The open kitchen at Bar Volpe. / Photo by Alyssa Blumstein

Cooking is one area where Akunowicz never wants for inspiration, and Bar Volpe is no exception in that regard. Here, her open kitchen is anchored by a wood-fired grill for crafting dishes with rotisserie chicken, porchetta, and flame-kissed fish—expect more seafood here than at Fox & the Knife, Akunowicz says. Besides boasting a mozzarella-bar section with all sorts of spectacular cheeses, the menu will cover regional cuisines from the lower half of the Boot, all the way down to Sicily, even incorporating Moroccan and other North African spices to nod to the history of the spice trade. Think: orrechiette with lamb sausage, wood-fired Sardinian paella, and more.

The bar at Bar Volpe. / Photo by Alyssa Blumstein

For a light bite and a drink—Negronis and classic Italian cocktails are the game—you can slink over to the 25-seat main bar, a former Airstream given a marble-topped, Art Deco facelift. The rest of the restaurant features floor-to-ceiling street-side windows, buttery banquettes, and light fixtures shaped like moons that hit your eye like a big pizza pie. (Note: There are no actual pizza pies here, but who cares when there’s her pizzetta bianca, flaky laminated dough stuffed with warm and melty Stracciatella and Provolone, cut into pieces and served on a pizza plate.)

Bar Volpe is the latest in a series of exciting new Italian restaurants from major chefs, following hot on the heels of Mark Ladner’s Bar Enza and Will Gilson’s Geppetto, both in Cambridge.

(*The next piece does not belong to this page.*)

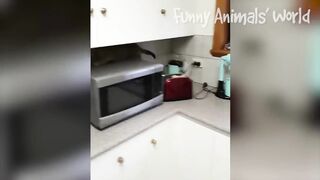 Funny Dogs And Cats Videos - Best Animal Videos Of The Month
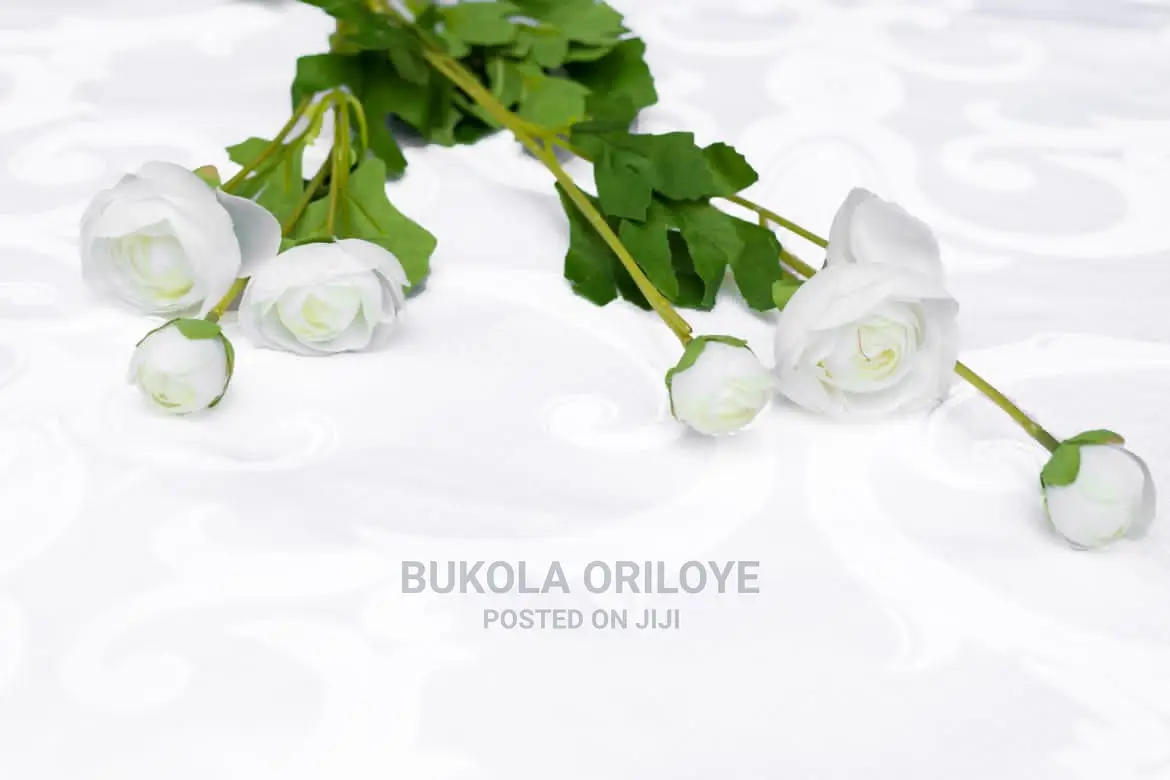 White Long Stem Peony for Rent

For her latest entry in Southie, Akunowicz says the key to standing out is simply to stand strong on her own two feet.

“Everything we do in the restaurants—from the design to any specific dish—is incredibly intentional, because for me it’s personal,” Akunowicz says. “I can’t do anything that doesn’t feel incredibly personal. So yes, the menu is completely different from Fox & the Knife, but I think if anyone loves Fox & the Knife, they would know that this is me. This is how I cook.”